**Exercise data**

■ ■ ■

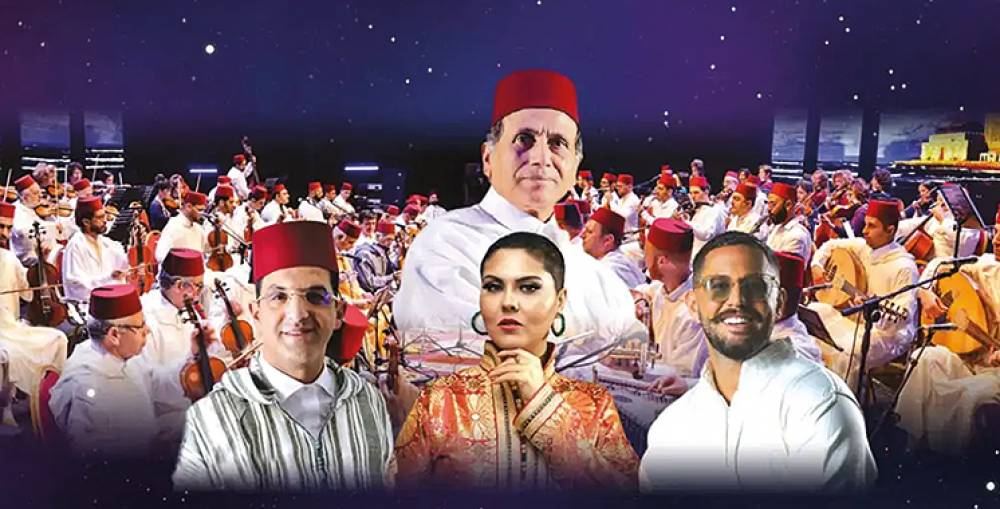 L’Association Marocaine de la Musique Andalouse célèbre le patrimoine national
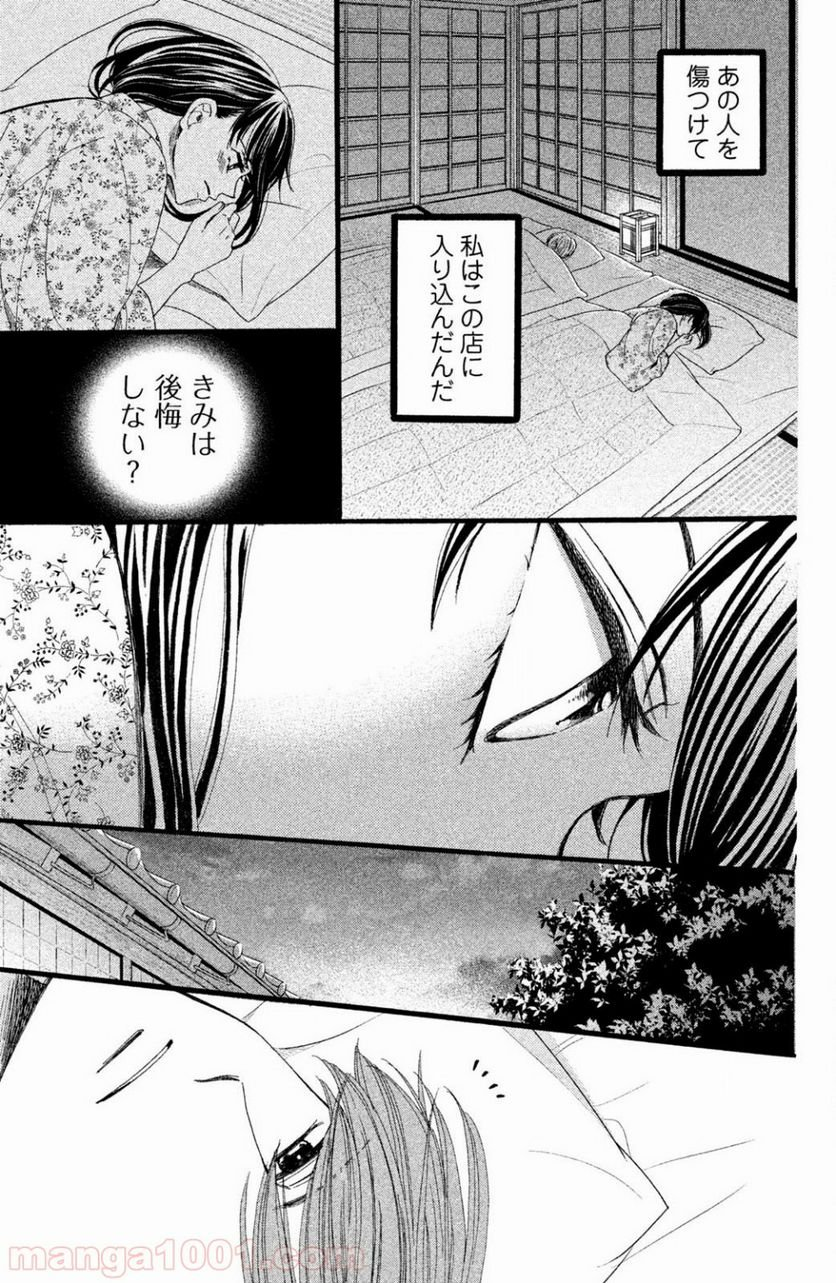 私たちはどうかしている - 第32話 - Page 7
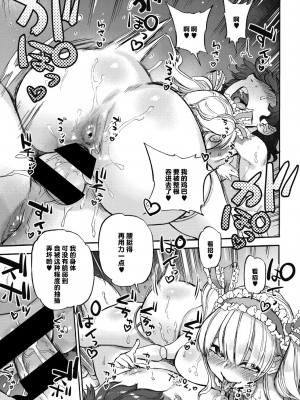 [雨山電信] おうまがとき-異種婚姻浪漫譚- [肉包汉化组]&nbsp;&nbsp;[DL版]_193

■ ■ ■

**Task description**
Copy out the material word for word, without any images.

**Completed exercise**
 L’Association Marocaine de la Musique Andalouse célèbre le patrimoine national
 私たちはどうかしている - 第32話 - Page 7
 [雨山電信] おうまがとき-異種婚姻浪漫譚- [肉包汉化组]&nbsp;&nbsp;[DL版]_193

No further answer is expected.